Erklärung der Präsidentschaft des Rates der Europäischen Union über dir Konsultationen zwischen der Europäischen Union und Mauretanien
© A. Arraou, MAEE
- Datum: 17.10.2008
Die Konsultationen zwischen der Europäischen Union und Mauretanien werden im Rahmen der Bestimmungen nach Artikel 96 des Cotonou-Abkommens am 20. Oktober mit einem Treffen in Paris im Konferenzzentrum der Weltbank eingeleitet. Diese Konsultationen werden maximal 120 Tage in Anspruch nehmen.
Alain Joyandet, Staatssekretär für Zusammenarbeit und Frankophonie, wird die französische EU-Ratspräsidentschaft vertreten. Die Europäische Kommission wird durch Louis Michel, EU-Kommissar für Entwicklung und humanitäre Hilfe vertreten.

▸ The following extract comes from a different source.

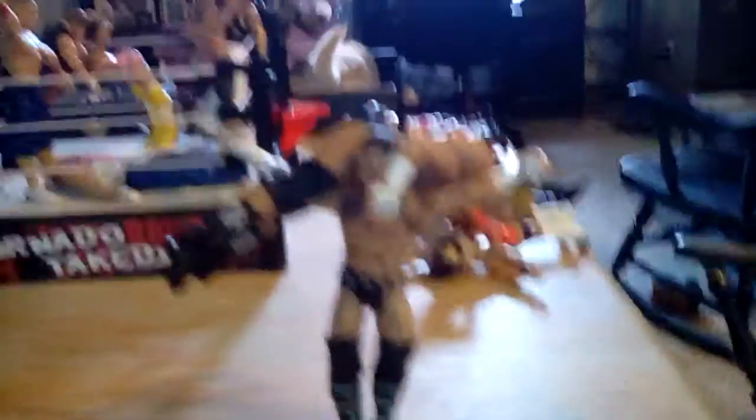I didn't use some of these. Right here this is CM Punk about to do the GTS, and Triple H. Right here this is Sheamus just before the Swanton Bomb, Daniel Bryan. And right here this is the Undertaker just before the Tombstone Piledriver, pinning Jake the Snake Roberts.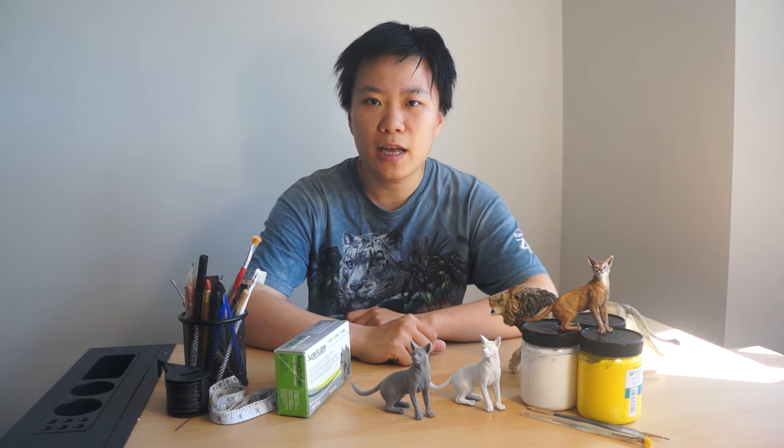We will also talk about some comparative anatomy between different animals, so that you can apply the knowledge you learn from this class to making many different kinds of animals, including this much bigger cat. So reserve your spot for this free live online course at CuriousMondo.com, where you conquer new possibilities.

Die mauretanische Delegation unter der Leitung von Herrn Moulaye Ould Mohamed Laghdaf umfasst Mitglieder der Regierung, die von der Junta ernannt wurden, und andere politische Verantwortungsträger. Die AKP-Gruppe wird eine wesentliche Rolle in diesen Konsultationen haben. Die AKP-Gruppe wird vom Vorsitzenden des Botschafterausschusses, von AKP-Staaten und ihrem Sekretariat vertreten. Die Afrikanische Union wird aufgrund ihrer Bemühungen um die Herbeiführung einer Krisenlösung in der Eigenschaft als Beobachter zugegen sein.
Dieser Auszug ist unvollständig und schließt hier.